Matt Alley
Le multitâche est-il vraiment possible ? Autrement dit, pouvons-nous facilement gérer plusieurs tâches et passer de l’une à l’autre sans sacrifier le temps et la précision ? Pour répondre à cette question, nous devons d’abord comprendre le contrôle exécutif du cerveau sur les processus cognitifs.
Dans cet article
- Pouvons-nous facilement gérer plusieurs tâches et passer de l’une à l’autre sans sacrifier le temps et la précision ?
- Le multitâche, qui semble être un moyen d’efficacité à première vue, devient finalement plus chronophage et plus générateur d’erreurs.
Aujourd’hui, avec l’omniprésence des technologies, nous cherchons à être encore beaucoup plus efficaces au travail ou à l’école qu’avant. Nous essayons également de maximiser nos loisirs en nous adonnant à diverses formes de divertissement. Pour cela, la plupart d’entre nous pratiquent le multitâche (ou du moins prétendent le faire). En termes simples, le multitâche consiste à effectuer plusieurs tâches simultanément, comme écouter les informations tout en lisant un livre. Ce type de multitâche peut nous inspirer un sentiment de fierté, car il est généralement perçu comme un signe d’intelligence. Face à ce phénomène si populaire, la question lancinante est de savoir si le multitâche est réellement possible.

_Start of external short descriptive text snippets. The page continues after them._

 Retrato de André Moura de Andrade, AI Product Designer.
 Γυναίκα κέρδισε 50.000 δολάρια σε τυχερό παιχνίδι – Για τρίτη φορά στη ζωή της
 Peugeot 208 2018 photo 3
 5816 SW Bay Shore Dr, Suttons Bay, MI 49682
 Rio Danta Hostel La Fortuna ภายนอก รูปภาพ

Naturellement, cet article évite les aspects hautement scientifiques de ce sujet neurologiquement complexe et vise à répondre à cette question pour le profane. Suivant cette approche, le terme « multitâche » est utilisé ici pour les tâches qui nécessitent une réflexion consciente. Par exemple, marcher et parler simultanément n’est pas considéré comme du multitâche, car la marche ne requiert pas de réflexion consciente ; elle est plutôt accomplie grâce à la « mémoire musculaire ». La définition exclut également les activités qui ne sont pas effectuées simultanément avec une autre activité, mais exclusivement à leur propre rythme au cours d’une journée, d’une semaine ou d’un mois. Par conséquent, diviser le temps d’une journée en plusieurs activités, comme passer une heure à lire, une autre heure à regarder la télévision, une autre encore à écrire, et éventuellement répéter chacune de ces tâches à son propre rythme au cours de la même journée, n’est pas considéré comme du multitâche.

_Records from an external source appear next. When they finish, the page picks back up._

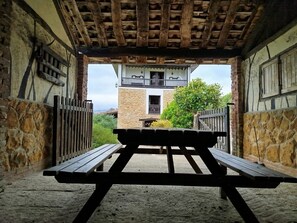 Outdoor dining - Country House 'La Espinera' with Mountain View, Private Terrace and Wi-Fi (Nava)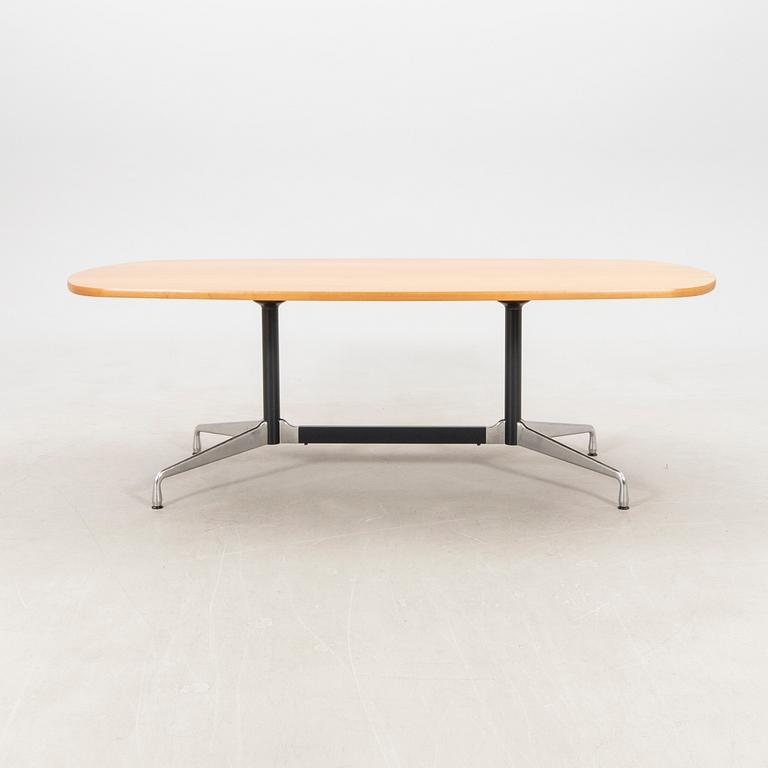 Charles & Ray Eames, table "Segmented table" Vitra 2019.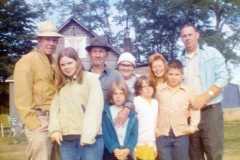Allen, Gloria, Daniel, Doris, Teresa, Eleanor, Mike, Laban Arnold, 1972.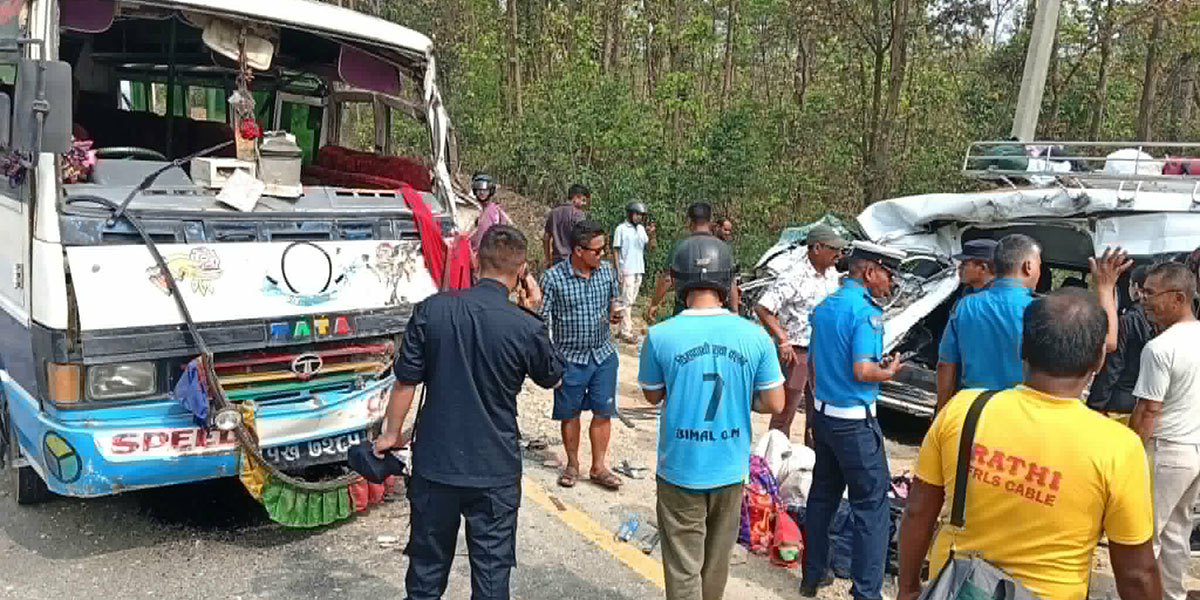 रुपन्देहीमा माइक्रो बस र ईभी ठोक्किँदा २ को मृत्यु, २७ जना घाइते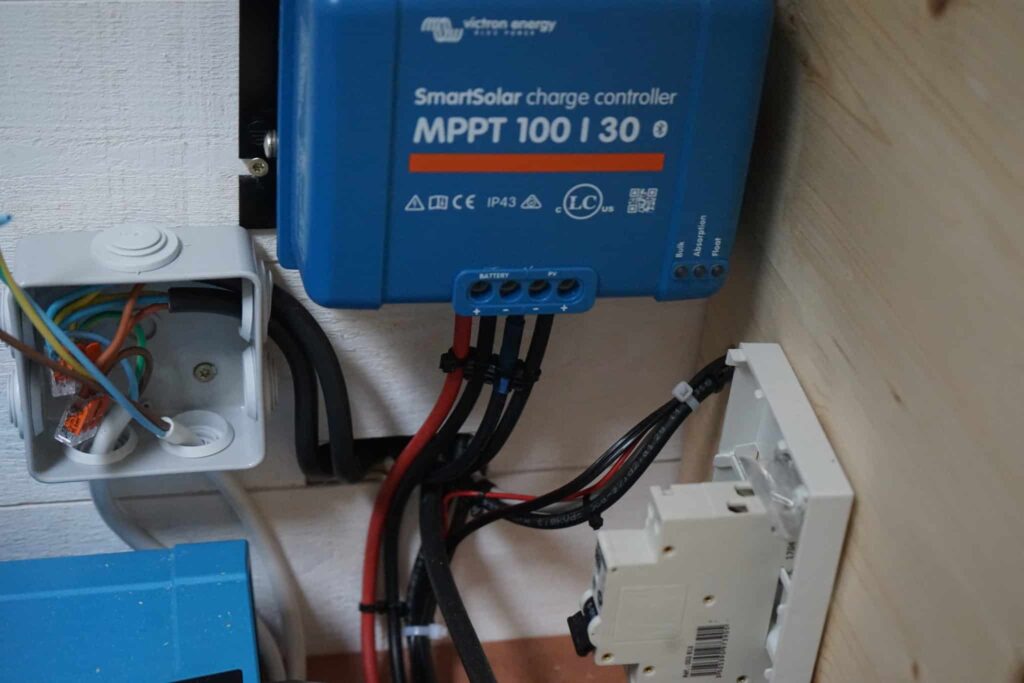 découvrez comment effectuer le branchement de vos panneaux solaires de manière simple et efficace. suivez nos conseils pratiques et guides étape par étape pour optimiser l'installation de votre système solaire et maximiser votre production d'énergie renouvelable.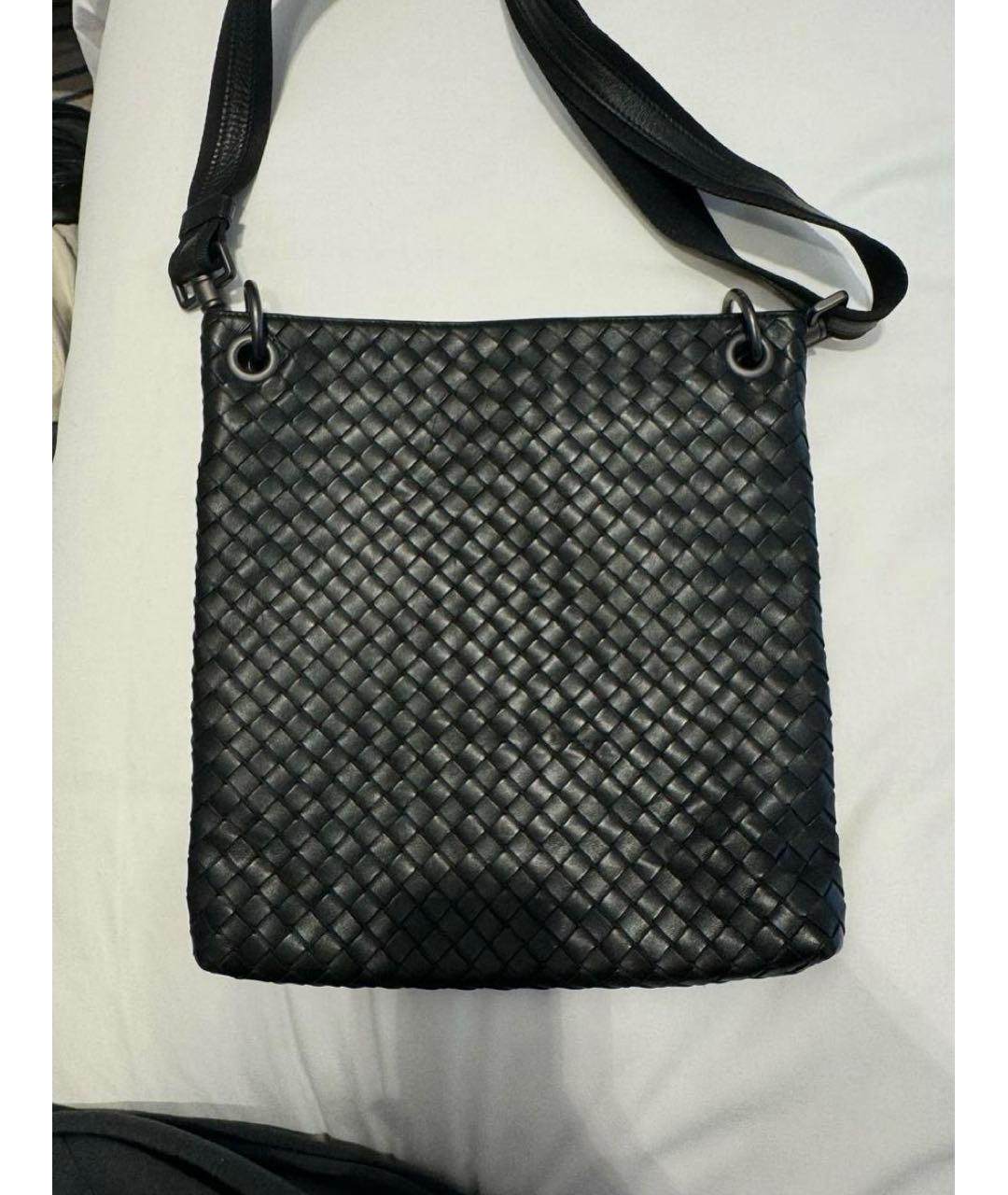 BOTTEGA VENETA Черная кожаная сумка на плечо, фото 3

Pour en revenir à notre question essentielle : le multitâche est-il vraiment possible ? Autrement dit, pouvons-nous facilement gérer plusieurs tâches et passer de l’une à l’autre sans sacrifier le temps et la précision ? Pour répondre à cette question, nous devons d’abord comprendre le contrôle exécutif du cerveau sur les processus cognitifs. Ce contrôle exécutif peut être considéré comme la tour de contrôle qui orchestre les innombrables opérations cognitives variées du cerveau lors de l’exécution des tâches. Moralis et Dinan (2022) les répertorient comme incluant, sans s’y limiter, la planification, l’auto surveillance, l’accès à la mémoire de travail, la gestion du temps et l’organisation. Pour leur étude, Rubinstein, Meyer et Evans (2001) ont proposé un modèle théorique qui divise ces processus de contrôle en deux étapes principales impliquées dans le changement de tâche : le changement d’objectif et l’activation des règles.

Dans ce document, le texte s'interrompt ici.